╔══

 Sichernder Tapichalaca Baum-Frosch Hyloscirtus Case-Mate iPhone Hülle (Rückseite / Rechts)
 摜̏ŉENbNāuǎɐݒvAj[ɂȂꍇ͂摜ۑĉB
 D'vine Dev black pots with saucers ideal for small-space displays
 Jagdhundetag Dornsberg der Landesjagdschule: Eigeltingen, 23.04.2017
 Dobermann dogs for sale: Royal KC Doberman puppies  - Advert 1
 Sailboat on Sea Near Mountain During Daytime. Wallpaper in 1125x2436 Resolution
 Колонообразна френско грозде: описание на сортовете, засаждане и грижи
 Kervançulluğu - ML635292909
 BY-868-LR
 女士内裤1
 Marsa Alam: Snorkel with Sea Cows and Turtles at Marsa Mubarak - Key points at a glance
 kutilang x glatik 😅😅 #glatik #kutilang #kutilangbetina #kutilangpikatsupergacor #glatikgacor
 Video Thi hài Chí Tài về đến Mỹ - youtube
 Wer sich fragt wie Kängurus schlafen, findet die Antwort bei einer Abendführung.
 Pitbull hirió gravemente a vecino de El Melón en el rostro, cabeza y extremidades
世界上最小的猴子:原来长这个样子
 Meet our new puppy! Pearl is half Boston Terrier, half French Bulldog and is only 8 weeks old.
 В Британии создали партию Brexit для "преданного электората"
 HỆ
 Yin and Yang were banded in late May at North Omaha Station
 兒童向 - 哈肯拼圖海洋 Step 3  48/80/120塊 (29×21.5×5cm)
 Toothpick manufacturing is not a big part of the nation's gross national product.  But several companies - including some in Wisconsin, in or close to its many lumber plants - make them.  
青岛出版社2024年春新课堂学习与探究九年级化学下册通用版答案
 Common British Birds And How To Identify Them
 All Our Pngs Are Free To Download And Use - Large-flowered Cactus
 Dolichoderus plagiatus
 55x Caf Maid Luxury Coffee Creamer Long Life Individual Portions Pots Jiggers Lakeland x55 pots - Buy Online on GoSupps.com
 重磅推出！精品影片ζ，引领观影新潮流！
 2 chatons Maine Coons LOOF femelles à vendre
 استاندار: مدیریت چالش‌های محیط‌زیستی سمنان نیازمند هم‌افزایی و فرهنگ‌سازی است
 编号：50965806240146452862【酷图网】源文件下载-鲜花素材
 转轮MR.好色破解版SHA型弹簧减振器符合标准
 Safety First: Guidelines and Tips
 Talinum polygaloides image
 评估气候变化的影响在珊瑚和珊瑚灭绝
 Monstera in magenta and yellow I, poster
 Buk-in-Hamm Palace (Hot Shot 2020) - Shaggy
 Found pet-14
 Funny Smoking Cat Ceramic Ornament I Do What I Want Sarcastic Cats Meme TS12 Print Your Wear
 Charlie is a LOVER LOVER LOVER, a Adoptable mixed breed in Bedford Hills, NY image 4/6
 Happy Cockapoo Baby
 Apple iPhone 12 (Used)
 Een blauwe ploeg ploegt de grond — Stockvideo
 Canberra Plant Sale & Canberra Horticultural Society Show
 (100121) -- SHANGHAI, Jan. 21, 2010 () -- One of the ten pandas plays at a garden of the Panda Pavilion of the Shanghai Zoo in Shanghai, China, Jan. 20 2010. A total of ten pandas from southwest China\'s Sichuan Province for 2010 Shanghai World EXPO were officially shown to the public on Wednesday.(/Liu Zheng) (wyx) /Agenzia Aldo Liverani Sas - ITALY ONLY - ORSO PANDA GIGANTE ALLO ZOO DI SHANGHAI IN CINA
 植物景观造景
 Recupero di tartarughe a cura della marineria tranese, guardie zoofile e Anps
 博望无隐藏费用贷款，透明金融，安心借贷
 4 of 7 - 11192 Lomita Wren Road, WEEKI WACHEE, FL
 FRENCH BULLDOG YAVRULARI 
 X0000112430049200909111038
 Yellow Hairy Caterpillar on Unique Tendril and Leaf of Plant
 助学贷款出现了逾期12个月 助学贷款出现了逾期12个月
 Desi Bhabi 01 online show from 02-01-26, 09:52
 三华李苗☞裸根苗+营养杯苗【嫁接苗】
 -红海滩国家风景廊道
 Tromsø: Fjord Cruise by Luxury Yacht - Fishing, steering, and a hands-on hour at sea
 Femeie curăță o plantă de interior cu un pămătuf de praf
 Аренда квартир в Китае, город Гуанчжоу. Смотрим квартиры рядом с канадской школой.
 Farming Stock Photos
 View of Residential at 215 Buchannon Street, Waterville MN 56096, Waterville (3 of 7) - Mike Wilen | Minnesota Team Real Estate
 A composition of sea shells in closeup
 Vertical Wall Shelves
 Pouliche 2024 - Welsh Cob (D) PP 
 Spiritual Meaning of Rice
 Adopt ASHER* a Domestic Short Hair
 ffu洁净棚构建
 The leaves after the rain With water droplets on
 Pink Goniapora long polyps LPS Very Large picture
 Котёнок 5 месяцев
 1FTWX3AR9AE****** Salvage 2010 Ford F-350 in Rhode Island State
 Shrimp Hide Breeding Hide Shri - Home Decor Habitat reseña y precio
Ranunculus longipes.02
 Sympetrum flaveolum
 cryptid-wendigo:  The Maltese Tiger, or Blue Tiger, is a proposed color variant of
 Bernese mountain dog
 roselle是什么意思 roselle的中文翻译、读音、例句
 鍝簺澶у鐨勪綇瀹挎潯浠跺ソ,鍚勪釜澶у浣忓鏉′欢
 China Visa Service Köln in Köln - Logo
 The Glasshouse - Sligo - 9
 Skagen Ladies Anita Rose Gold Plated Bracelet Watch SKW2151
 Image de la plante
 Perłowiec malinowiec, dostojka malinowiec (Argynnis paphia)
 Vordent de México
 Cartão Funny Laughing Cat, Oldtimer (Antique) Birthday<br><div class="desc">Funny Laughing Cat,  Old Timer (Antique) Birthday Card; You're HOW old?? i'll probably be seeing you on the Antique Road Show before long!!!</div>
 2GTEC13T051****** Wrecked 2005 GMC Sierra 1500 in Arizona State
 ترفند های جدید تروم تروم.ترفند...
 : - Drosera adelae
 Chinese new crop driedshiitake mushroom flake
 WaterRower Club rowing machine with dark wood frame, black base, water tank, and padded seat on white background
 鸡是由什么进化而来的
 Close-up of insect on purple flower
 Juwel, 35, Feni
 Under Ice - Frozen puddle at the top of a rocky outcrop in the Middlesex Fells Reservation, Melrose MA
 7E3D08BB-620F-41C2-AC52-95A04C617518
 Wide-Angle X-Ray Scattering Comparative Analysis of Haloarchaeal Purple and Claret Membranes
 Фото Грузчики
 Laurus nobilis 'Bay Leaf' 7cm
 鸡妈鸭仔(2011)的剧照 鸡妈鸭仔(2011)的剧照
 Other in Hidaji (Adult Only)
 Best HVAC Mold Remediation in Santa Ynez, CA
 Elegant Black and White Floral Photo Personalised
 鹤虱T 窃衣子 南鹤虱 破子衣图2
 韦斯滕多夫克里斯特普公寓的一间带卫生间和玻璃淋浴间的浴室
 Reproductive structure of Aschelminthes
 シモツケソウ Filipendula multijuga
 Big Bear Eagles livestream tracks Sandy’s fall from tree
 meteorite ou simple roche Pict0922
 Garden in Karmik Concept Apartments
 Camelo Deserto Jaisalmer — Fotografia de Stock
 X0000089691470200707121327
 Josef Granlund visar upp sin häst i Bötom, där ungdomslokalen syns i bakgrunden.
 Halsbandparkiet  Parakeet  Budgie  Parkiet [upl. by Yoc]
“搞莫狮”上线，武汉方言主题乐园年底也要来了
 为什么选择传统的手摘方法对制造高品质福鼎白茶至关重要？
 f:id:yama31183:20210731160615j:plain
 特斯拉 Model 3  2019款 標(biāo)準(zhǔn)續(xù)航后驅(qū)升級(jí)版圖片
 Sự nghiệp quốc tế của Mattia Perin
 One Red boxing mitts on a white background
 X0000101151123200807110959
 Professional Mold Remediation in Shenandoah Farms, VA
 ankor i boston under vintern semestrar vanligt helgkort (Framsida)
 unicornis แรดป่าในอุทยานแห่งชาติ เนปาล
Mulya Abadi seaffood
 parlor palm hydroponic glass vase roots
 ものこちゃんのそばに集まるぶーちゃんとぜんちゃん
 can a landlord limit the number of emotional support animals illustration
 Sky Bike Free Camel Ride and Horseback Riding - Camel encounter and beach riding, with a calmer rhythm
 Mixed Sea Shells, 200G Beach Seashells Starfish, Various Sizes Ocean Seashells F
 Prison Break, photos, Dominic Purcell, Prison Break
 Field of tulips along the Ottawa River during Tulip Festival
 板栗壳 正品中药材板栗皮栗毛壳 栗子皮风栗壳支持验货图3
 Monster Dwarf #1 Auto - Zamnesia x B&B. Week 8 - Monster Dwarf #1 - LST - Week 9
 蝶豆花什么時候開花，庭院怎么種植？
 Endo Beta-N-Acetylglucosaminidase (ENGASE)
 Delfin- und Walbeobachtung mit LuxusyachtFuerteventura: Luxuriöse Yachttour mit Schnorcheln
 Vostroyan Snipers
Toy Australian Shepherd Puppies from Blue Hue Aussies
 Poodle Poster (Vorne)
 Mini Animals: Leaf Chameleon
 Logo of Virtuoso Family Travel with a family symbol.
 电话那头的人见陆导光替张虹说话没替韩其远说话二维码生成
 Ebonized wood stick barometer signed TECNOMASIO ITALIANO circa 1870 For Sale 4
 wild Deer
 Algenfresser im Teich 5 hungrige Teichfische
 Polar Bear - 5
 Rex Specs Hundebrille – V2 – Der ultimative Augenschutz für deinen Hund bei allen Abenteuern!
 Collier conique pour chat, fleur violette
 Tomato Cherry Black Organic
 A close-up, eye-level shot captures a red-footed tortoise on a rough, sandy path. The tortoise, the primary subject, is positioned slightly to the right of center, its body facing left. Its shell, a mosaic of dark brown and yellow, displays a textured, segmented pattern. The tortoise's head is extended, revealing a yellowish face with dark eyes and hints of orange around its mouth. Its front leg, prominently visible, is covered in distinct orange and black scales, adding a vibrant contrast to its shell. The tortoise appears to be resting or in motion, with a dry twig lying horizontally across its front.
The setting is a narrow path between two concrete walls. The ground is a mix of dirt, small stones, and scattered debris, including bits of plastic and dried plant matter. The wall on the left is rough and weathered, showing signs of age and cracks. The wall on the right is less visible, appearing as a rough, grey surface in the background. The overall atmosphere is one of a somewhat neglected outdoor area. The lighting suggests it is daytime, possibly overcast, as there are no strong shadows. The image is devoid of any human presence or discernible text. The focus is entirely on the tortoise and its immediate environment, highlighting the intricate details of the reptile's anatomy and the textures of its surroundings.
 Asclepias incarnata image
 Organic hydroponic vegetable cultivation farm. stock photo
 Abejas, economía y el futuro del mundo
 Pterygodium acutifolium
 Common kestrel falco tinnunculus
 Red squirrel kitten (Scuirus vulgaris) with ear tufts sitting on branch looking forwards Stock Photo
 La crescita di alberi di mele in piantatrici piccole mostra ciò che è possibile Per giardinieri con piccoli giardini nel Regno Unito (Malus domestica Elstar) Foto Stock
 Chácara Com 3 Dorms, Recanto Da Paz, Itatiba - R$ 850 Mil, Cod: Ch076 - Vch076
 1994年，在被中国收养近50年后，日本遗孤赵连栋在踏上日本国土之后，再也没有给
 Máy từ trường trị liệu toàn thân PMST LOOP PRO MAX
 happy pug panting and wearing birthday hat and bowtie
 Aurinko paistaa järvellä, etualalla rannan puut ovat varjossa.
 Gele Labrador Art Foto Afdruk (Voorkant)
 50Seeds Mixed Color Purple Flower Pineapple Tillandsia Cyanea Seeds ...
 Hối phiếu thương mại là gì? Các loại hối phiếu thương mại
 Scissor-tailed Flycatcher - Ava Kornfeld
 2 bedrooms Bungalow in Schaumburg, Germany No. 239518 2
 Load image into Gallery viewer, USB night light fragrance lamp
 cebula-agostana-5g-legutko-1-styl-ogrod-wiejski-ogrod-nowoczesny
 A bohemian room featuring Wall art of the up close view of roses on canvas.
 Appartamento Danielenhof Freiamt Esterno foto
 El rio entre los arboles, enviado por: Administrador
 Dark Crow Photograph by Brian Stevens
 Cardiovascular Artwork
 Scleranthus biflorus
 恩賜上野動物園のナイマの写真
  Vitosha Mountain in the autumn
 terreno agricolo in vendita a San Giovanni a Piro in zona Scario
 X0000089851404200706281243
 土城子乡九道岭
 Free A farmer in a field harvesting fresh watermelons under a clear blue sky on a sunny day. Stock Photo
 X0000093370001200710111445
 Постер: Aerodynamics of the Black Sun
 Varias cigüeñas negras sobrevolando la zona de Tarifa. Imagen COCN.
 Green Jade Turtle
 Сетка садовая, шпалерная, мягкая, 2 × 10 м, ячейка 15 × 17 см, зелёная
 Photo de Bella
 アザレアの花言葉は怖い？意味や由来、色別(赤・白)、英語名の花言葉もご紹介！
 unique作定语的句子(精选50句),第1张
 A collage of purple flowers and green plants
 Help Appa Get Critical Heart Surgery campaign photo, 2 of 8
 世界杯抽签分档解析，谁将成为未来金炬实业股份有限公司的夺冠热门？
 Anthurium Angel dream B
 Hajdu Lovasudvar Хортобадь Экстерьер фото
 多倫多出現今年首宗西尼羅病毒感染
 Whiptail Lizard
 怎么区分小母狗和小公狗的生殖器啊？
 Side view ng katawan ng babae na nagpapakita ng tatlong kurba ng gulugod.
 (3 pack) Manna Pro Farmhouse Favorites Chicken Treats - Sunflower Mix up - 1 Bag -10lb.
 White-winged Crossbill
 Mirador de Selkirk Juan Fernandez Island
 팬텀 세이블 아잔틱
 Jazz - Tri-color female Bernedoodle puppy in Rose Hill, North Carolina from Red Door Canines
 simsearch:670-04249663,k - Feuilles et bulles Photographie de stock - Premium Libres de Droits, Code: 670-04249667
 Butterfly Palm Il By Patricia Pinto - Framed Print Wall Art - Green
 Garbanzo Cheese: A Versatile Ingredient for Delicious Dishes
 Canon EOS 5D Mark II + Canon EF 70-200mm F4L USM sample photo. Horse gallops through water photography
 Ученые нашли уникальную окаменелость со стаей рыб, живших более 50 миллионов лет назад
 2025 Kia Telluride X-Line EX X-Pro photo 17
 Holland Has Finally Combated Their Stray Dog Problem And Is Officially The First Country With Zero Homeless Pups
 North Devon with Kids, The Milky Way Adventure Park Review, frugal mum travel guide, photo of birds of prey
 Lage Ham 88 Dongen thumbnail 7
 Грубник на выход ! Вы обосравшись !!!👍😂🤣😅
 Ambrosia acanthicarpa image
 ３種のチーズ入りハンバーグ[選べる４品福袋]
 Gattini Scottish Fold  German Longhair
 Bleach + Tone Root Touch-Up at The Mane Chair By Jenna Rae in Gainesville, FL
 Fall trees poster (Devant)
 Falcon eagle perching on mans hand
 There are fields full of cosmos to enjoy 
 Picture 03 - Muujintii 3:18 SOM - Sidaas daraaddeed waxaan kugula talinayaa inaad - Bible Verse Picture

╚══

EXERCISE PROMPT: Determine how many lines of the data contain "Logo" and give nothing but that number.

ANSWER TO THIS PROBLEM: 2